Am I making sense, here? I think language is part of the issue, different mindsets aside.

It took me a while, myself, to see beyond it and realize: oh, that person really /is/ trying to be helpful. It's just coming across...yeah. Perhaps not as intended? :)

Yet, I'll also be one of the first to admit that the guy with 4 hp charging to the fore really frustrates me, too.

No harm intended. I hope it wasn't taken that way. We're really on similar sides, here, and I appreciate you putting together this thread.

I wasn't offended. I just wanted to be clear. :)


*shrug*

If you need a perception check to see something, it must be somewhat difficult to see.

If you need a perception check to detect something using the scent ability, it must be somewhat difficult to smell.

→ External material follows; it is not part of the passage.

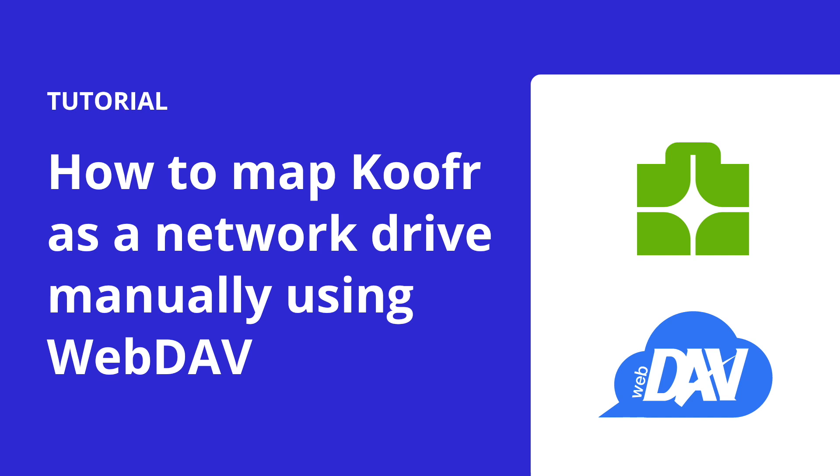Now the easiest way to do this would be to use the Koofr desktop app, but if you prefer to do a manual setup, you can do that too. I'll show you how to do it on Windows, Mac and Linux.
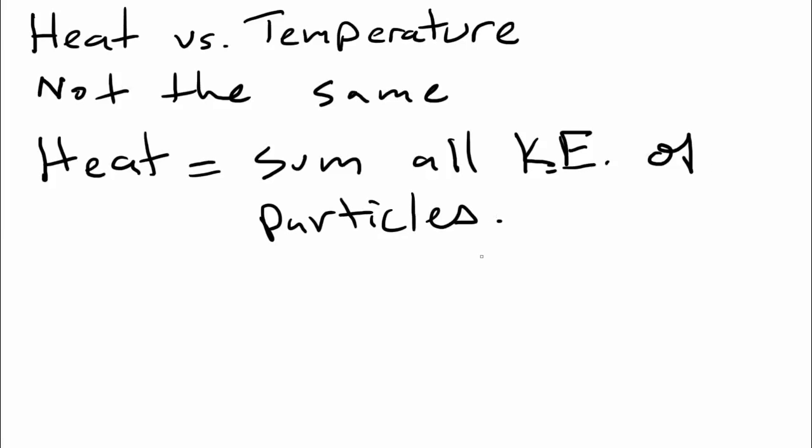Now, at this point in your career, your high school career, you should know that as things get hot, their particles actually start moving faster. And that means that they have more kinetic energy.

Just because it's hard for me to detect something with my sense of smell doesn't mean it's hard for a dog. A dog can be trained to detect the presence of single cells at a very close range (perception check required). An invisible monster 30 ft. away (most likely many trillions of cells) should be fairly trivial given that level of detection.

The detection of scent within the scent range is equivalent to vision in terms of detection.


I know this is somewhat off-topic (the scent discussion), but it was mainly to address the difficulty of using scouting to avoid healing. I'll shut up now (:


Ahorsewithnoname wrote:
wraithstrike wrote:


2. Most encounters will be APL=CR. Those fights are supposed to be easy. Even APL+1 fights are not that much harder and you can get by without healing mid-combat in most games.

Not that your point is invalid but I don't believe APL=CR should make for easy fights. I agree that a lot of the time combat can be ended with little healing to no healing during combat.

Difficulty....Challenge Rating Equals
Easy..............APL –1
Average........APL
Challenging...APL +1
Hard..............APL +2
Epic...............APL +3

That applies for average players and up to a certain level. As you level up you can take on APL +4 or higher as boss fights. With optimized players APL=CR is an easy fight, but for the sake of this discussion I guess I should assume average. So by the chart an APL+1 might require some sort of in combat healing.


meabolex wrote:

*shrug*

If you need a perception check to see something, it must be somewhat difficult to see.

If you need a perception check to detect something using the scent ability, it must be somewhat difficult to smell.

Just because it's hard for me to detect something with my sense of smell doesn't mean it's hard for a dog. A dog can be trained to detect the presence of single cells at a very close range (perception check required). An invisible monster 30 ft. (most likely trillions of cells) away should be fairly trivial given that level of detection.

The detection of scent within the scent range is equivalent to vision in terms of detection.

Yeah, another thread should probably be started on scent.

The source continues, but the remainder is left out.